10.8.22

222 Gargantúa y Pantagruel



 

No sabe uno si es más de Pantagruel que de su padre Gargantúa. Los dos tiene con qué montar un santuario de excentricidades. A Gargantúa lo parió su sacrificada madre por una oreja de modo que al padre, que aliviaba la espera del alumbramiento bebiendo odres de vino, lo bautizó como la posteridad lo ha conocido por el tamaño descomunal que adquirió la madre al subirla de la tripa al pabellón auditivo. No dando abasto para alimentarlo, la criatura precisó un 17.913 vacas que se desfondaron en la provisión de leche que saciara el apetito del neonato. De Pantagruel consta que se animó a devorar una vaca viva en la infancia, sin completo éxito. Sin estar al tanto de estas y otras particularidades de estos dos personajes, lo primero que fascina en ambos es su contundencia fonética. Ya no hay nombres con esa vehemencia, no se estilan, serán exclusivo festín de aficionados a la novela francesa del siglo XVI y, con más atino literario, los que disfruten (hemos disfrutado) de Rabelais, creador de estas dos criaturas extraordinarias. Tampoco hay fabulaciones en las que se despeña la escritura y se hace zafia y grotesca, no al modo incivil en el que se menosprecia el lenguaje o se escatima la riqueza léxica, sino cuidando con esmero la construcción del relato, mimando a los personajes, dejándolos campar a sus anchas, convertirse en el arquetipo de lo que precisamente se desea zaherir, que es la moral de la época, su hipocresía, toda las convenciones puritanas de la sociedad en la que vive Rabelais, sabedor (como poco) de la importancia de la literatura como ariete inquisitivo, venenoso. También la utilidad como favorecedora de la risa. Mucha de esa literatura de clerici vagantes, hermosamente llamada goliardesca, recurría al humor para rebajar la carga de aflicción de lectores o escuchantes. 

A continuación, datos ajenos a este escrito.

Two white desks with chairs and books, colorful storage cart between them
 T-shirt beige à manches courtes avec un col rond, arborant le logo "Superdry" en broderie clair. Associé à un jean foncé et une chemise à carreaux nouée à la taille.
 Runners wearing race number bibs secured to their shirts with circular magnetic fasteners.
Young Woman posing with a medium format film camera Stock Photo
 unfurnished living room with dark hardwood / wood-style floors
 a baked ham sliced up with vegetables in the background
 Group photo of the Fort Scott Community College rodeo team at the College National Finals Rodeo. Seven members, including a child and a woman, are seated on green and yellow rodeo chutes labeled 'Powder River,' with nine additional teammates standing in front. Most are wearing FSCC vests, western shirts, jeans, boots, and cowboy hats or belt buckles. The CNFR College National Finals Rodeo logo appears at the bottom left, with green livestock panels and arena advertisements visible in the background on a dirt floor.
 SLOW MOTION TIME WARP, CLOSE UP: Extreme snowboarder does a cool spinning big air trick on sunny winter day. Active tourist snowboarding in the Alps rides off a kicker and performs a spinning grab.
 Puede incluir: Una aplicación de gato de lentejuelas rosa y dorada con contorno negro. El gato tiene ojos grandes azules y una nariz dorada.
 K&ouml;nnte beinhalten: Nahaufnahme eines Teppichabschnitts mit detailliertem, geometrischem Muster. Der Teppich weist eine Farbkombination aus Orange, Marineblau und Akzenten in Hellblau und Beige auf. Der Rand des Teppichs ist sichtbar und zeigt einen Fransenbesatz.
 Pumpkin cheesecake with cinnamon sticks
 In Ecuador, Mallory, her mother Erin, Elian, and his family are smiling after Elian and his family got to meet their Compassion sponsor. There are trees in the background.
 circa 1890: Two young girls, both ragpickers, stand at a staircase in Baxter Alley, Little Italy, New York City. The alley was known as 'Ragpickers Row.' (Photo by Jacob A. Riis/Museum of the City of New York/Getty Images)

No habiendo caído enteramente en el regocijo de los cinco libros (no todos disfrutados) de la saga pantagruélica (por decirlo con doble sentido) me quedo con la impresión que me produjo antaño (hace demasiado tiempo) la lectura de las aventuras (más son las desventuras) de este gigante bueno en el fondo, que arrambla con todo lo que se pone por delante y engulle con absoluta voracidad (en eso el autor es explícito y muy certero) las bondades de la carne y de los líquidos. Ahora no hay mucho gigante y los que se dejan ver o hasta los que se exhiben no gastan los rudimentos de los de antaño. Son personajes que dan miedo por circunstancias que no precisan del concurso del tamaño, ni del apetito voraz, tan ínocentes ellos. Son gigantes de otra pasta, de otro rango, por decirlo a la moderna manera: se creen dueños del mundo, lo son en muchos casos, pero sólo desean poder, esa cosa abstracta y abyecta a veces, eso que nos han dicho que corrompe, qué sabré yo. No quieren zamparse niños en la puerta de las escuelas (que es donde más daño hace la ingesta de los infantes a ojos del pueblo) sino impedir que crezcan o que se eduquen. Perpetúan así su reino, aseguran que su descendencia tendrá el mismo predicamento social. Ahora estoy escuchando de fondo (se oye la tele desde la cocina) cosas de gigantes, historias de lo que dicen y consecuencias de lo que hacen.


Y vuelvo a Doré y a Ramón Besonías, que me incita siempre.